ASSIGNED TASK: In the records below, find the line containing "Snapshot of Sweetlove_77". Output it and every line after it to the end, unchanged, with no pictures.
★ ★ ★ ★ ★
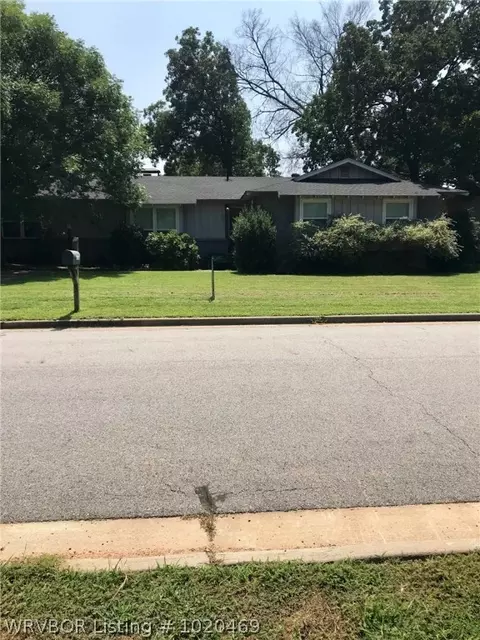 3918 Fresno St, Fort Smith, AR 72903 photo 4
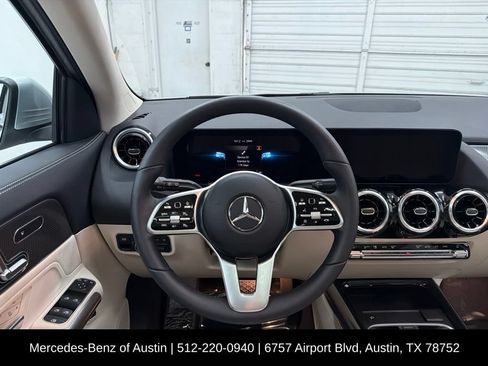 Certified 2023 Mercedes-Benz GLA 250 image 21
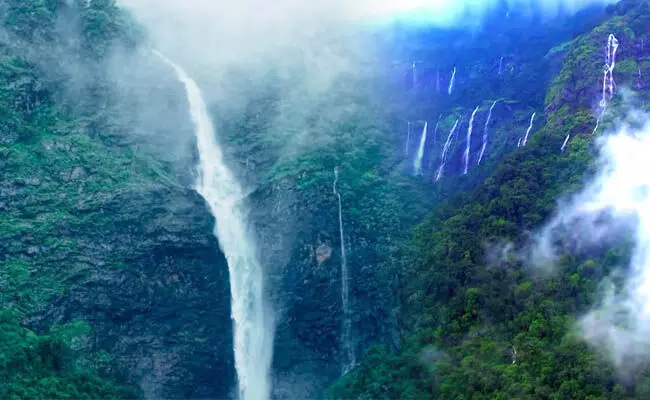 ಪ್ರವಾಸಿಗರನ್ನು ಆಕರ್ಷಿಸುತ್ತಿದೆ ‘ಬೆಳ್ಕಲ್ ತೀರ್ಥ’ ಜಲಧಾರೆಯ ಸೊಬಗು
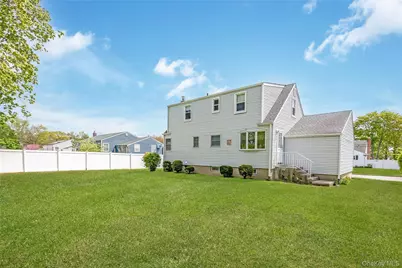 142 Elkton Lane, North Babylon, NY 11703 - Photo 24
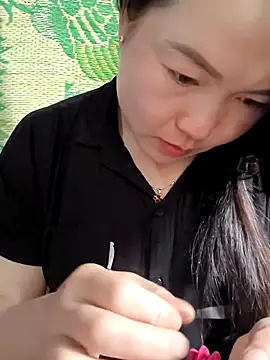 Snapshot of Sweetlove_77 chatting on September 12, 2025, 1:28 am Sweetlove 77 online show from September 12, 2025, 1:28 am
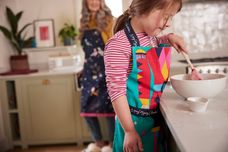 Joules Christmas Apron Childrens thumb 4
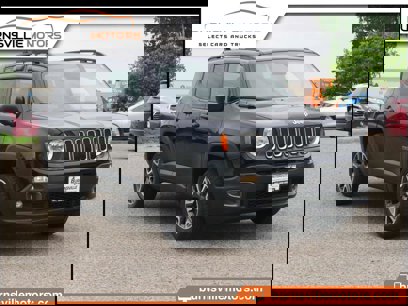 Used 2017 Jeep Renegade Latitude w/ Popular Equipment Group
★ ★ ★ ★ ★
ANSWER TO THIS TASK:
 Snapshot of Sweetlove_77 chatting on September 12, 2025, 1:28 am Sweetlove 77 online show from September 12, 2025, 1:28 am
 Joules Christmas Apron Childrens thumb 4
 Used 2017 Jeep Renegade Latitude w/ Popular Equipment Group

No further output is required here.